Output the data below exactly, images excluded.

-.-.-

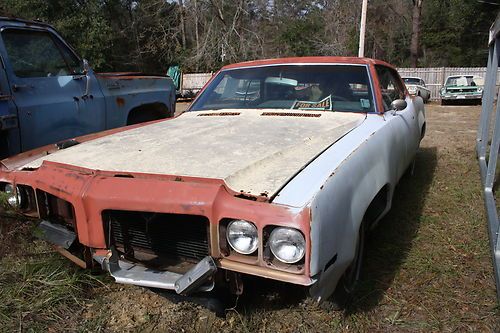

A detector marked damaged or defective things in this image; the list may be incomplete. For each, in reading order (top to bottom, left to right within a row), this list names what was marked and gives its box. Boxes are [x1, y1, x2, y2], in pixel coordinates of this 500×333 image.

rusty project car [0, 56, 426, 304]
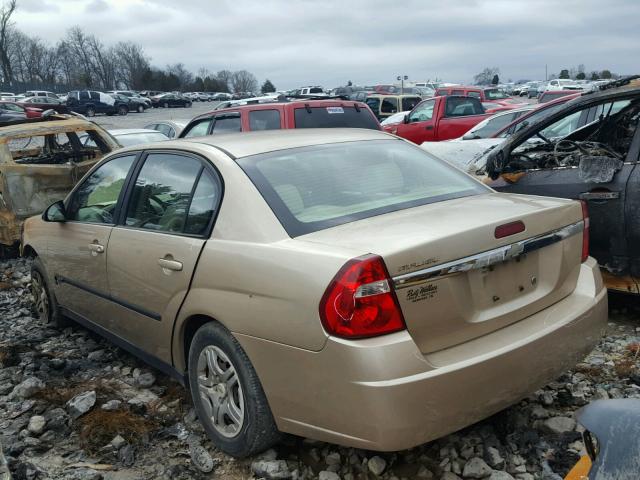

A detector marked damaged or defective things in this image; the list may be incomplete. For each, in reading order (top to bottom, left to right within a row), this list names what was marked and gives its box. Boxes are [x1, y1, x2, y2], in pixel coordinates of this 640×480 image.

burned car wreck [0, 116, 117, 253]
burned car wreck [484, 84, 640, 292]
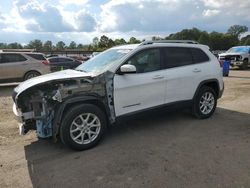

-.-.-

**COMPLETED TASK:**
A detector marked damaged or defective things in this image; the list may be incomplete. For each, in reading order (top to bottom, left to right within a row), this list names what was marked and gives its box. Boxes are [x1, y1, x2, y2], in pixel coordinates of this 500×333 image.

rusty project car [0, 56, 426, 304]

A detector marked damaged or defective things in this image; the list may be incomplete. For each, in reading order (top to bottom, left to right within a row), this list names what was marked and gives its box. Boxes are [x1, y1, x2, y2], in pixel coordinates of this 640×480 image.

burned car wreck [0, 116, 117, 253]
burned car wreck [484, 84, 640, 292]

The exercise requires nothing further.